Flood of interest in free education scheme from fee-paying schools
Published 01/04/2013 | 05:00
THE number of fee-paying schools considering entering the free education scheme has doubled in recent weeks.
The Department of Education is now dealing with inquiries from eight of the 54 schools remaining in the fee-paying sector after Kilkenny College decided to exit.
The flood of interest follows the announcement by the college that it will stop charging tuition fees from September, following an agreement with the department.
Many fee-paying schools are feeling the financial pinch and those that are struggling may find that they are better off in the free scheme.
In the current economic climate, fee-paying schools are under pressure on two fronts – falling pupil numbers and reduced state support in the form of teachers' salaries.
Protestant schools have been particularly hard hit, as their pupils come from a wide socioeconomic base. The inquires made to the department have been from Protestant and Catholic schools, and also include day and boarding establishments.
Arising from the last Budget, the pupil-teacher ratio (PTR) in fee-paying schools will rise to 23:1 from next September, compared with 19:1 for those in the free education scheme.
Further cuts in the pupil-teacher ratio in the fee-paying sector are likely as the department seeks ongoing savings.
A recent departmental report found that fee-paying schools have an average €1.5m discretionary income at any one time.
However, there are wide variations, with the wealthiest school enjoying a bank balance of €4.7m while the least well off had reserves of €112,000.
In total, the sector enjoys an €81m revenue boost over and above that available to similarly sized schools in the free education scheme, which don't charge tuition fees.
The debate for a fee-paying school is whether it stands to gain more from charging tuition fees than what it would receive in state support if it entered the scheme.
While free education schools cannot charge tuition fees, they benefit from a range of grants – such as for building and running costs – not paid to fee-paying schools, as well as the better pupil-teacher ratio.

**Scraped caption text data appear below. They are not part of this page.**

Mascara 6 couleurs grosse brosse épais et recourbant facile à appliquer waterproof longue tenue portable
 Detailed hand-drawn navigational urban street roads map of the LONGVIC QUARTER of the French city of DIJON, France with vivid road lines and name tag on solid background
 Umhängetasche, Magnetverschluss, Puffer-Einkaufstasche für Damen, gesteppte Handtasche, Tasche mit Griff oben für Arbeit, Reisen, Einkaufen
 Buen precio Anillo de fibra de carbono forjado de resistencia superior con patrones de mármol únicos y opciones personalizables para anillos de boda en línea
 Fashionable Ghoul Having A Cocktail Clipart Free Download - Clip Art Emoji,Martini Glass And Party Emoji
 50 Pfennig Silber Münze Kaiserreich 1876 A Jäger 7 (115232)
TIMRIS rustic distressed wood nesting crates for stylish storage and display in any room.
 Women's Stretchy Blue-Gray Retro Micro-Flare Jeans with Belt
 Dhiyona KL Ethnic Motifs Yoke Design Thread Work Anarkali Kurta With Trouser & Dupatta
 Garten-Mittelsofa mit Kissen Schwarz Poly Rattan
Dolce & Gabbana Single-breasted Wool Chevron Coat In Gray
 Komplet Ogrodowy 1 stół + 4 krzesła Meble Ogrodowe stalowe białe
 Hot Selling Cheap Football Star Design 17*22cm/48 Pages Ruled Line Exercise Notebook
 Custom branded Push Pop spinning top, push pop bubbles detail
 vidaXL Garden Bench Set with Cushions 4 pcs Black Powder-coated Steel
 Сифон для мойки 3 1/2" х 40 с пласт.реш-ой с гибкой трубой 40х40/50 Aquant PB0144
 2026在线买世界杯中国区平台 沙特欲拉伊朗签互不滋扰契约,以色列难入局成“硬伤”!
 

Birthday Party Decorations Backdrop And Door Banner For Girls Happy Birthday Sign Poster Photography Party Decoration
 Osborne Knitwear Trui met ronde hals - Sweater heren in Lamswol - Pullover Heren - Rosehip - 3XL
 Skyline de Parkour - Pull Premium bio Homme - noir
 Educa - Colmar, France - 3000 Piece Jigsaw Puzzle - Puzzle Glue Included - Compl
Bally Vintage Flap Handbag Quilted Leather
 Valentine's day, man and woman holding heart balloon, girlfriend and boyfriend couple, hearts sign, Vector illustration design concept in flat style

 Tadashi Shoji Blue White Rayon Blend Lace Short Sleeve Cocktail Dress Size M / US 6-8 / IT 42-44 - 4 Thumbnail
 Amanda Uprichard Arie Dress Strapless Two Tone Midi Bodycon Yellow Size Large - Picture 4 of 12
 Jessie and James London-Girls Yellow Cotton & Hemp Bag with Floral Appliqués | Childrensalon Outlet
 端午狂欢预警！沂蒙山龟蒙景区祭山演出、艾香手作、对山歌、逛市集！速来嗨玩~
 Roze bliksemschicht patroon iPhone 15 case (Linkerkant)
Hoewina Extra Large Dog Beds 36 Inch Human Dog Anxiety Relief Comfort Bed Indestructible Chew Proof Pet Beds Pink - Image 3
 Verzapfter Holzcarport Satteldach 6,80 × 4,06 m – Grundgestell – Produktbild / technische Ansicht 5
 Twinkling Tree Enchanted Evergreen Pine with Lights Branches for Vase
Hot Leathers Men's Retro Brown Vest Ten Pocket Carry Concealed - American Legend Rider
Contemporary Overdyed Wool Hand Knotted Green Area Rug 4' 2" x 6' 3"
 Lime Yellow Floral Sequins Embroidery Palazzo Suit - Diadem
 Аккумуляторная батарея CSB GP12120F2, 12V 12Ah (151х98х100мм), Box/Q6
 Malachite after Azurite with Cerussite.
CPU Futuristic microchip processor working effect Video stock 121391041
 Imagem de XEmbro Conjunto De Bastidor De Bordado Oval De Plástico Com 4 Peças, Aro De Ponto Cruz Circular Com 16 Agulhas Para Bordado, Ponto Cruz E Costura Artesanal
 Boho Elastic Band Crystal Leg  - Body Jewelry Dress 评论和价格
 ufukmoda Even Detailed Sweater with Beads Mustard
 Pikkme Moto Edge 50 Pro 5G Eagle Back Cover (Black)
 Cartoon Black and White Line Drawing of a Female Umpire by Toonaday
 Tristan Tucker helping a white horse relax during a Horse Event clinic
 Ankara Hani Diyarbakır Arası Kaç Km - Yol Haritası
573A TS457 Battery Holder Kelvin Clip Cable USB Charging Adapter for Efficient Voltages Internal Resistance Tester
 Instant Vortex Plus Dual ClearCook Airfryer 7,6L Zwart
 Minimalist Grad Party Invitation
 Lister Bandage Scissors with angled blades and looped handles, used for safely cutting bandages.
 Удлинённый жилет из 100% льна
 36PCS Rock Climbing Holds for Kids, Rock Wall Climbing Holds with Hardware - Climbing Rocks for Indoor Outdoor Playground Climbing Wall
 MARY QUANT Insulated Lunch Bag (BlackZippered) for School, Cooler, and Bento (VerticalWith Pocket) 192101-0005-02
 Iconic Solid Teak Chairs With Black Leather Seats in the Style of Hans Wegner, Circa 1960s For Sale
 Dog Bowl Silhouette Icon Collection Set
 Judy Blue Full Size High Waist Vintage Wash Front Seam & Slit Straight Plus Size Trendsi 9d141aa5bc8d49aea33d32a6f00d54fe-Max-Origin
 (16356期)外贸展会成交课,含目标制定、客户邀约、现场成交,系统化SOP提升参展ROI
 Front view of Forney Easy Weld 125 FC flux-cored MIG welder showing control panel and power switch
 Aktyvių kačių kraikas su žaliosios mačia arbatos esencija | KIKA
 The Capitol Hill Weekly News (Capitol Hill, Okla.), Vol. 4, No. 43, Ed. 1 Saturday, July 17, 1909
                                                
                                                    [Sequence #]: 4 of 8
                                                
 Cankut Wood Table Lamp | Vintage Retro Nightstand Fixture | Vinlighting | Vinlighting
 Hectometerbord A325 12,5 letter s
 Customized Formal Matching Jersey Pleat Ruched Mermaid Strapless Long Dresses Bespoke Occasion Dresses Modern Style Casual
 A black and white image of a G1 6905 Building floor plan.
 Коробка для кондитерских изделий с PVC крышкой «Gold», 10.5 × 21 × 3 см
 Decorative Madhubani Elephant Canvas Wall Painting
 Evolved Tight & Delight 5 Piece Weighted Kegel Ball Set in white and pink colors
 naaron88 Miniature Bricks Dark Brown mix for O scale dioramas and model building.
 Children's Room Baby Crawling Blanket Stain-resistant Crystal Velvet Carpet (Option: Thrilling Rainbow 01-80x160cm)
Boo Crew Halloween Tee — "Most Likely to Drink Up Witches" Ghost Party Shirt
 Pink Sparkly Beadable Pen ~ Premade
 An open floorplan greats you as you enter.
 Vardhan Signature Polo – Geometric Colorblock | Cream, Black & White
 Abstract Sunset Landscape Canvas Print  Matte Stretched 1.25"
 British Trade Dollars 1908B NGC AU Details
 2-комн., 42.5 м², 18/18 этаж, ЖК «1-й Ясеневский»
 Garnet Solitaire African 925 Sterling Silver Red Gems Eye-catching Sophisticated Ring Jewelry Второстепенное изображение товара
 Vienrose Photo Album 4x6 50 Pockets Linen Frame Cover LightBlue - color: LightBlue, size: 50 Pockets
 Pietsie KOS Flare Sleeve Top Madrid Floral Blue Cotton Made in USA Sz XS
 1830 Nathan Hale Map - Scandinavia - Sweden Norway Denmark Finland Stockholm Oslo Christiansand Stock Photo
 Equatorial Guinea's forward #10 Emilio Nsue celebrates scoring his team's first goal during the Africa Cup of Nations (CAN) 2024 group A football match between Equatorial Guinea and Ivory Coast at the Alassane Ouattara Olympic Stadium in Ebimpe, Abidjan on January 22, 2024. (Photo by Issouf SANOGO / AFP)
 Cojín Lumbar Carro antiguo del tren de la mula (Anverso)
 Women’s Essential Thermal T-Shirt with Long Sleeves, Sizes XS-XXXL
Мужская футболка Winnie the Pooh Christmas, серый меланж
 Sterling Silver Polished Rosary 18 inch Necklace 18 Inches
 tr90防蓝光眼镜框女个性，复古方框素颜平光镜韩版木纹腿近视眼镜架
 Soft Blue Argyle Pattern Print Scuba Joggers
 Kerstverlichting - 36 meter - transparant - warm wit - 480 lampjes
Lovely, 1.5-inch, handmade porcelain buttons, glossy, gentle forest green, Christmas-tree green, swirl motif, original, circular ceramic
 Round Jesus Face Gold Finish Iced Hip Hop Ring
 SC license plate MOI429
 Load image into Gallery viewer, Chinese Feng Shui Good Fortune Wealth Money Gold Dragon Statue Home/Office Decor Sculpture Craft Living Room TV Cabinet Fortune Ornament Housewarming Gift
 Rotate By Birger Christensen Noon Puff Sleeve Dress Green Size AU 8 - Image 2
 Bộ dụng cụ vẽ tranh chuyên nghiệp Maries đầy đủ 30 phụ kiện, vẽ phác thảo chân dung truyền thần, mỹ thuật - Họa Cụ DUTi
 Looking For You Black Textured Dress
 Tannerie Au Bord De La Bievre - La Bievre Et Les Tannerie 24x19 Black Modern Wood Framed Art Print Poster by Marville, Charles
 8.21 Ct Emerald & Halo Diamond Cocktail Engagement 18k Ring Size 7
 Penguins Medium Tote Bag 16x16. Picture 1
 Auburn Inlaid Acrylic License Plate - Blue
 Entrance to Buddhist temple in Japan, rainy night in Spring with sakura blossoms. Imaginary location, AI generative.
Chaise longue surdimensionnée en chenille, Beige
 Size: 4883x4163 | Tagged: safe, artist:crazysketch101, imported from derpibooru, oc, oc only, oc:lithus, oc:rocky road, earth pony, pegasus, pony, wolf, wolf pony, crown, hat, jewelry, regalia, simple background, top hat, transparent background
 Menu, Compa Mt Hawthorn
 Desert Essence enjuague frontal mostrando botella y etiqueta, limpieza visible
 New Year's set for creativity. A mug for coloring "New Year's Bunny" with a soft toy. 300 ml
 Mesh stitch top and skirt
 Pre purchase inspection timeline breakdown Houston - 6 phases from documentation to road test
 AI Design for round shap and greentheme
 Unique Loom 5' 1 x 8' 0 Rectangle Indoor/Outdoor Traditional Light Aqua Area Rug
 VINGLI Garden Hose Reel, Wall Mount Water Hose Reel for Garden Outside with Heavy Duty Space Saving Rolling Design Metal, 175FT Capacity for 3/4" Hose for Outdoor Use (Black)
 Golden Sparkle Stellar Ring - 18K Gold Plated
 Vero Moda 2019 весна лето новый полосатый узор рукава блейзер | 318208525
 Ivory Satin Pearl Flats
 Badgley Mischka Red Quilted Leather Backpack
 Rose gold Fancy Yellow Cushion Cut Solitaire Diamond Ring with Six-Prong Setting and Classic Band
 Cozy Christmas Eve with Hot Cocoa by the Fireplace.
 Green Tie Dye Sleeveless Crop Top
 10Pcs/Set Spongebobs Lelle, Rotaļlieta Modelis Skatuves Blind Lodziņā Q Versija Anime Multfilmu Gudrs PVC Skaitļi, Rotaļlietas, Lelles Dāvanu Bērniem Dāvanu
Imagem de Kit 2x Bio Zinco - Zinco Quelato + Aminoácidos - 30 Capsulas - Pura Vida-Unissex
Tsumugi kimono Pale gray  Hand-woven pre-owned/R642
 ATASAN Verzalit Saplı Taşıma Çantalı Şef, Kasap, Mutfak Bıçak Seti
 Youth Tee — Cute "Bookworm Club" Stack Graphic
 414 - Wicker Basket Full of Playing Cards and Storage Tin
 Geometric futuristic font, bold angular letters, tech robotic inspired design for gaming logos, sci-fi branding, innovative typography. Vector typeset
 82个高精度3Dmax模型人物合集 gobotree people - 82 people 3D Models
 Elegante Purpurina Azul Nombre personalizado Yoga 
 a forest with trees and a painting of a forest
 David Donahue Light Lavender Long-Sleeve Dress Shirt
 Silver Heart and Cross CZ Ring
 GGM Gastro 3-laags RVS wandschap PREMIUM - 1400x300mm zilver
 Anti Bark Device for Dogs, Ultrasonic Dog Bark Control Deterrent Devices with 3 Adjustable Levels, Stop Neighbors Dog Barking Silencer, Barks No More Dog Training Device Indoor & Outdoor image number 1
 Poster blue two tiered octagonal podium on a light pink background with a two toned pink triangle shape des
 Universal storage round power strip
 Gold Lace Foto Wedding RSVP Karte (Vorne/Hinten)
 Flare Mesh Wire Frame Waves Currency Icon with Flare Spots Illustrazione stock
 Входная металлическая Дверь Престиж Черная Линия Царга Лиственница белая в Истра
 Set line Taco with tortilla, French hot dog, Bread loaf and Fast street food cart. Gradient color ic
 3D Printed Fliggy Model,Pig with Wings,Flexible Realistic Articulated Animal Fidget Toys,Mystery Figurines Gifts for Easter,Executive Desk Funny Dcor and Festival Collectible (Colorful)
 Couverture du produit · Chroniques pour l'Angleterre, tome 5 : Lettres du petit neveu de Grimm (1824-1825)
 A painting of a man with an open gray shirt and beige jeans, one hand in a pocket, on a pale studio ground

The State pays about €96m a year in subvention to fee-paying schools, mainly in the form of teachers' salaries, and Education Minister Ruairi Quinn is under pressure from within the Labour ranks to end that.
He said he does not want to close fee-paying schools, but is open to more of them coming into the free system. He said he wanted to give parents choice but that there was also a need for equity and fairness.
The department has said it would cost the State €23m a year if all fee-paying schools came into the free scheme.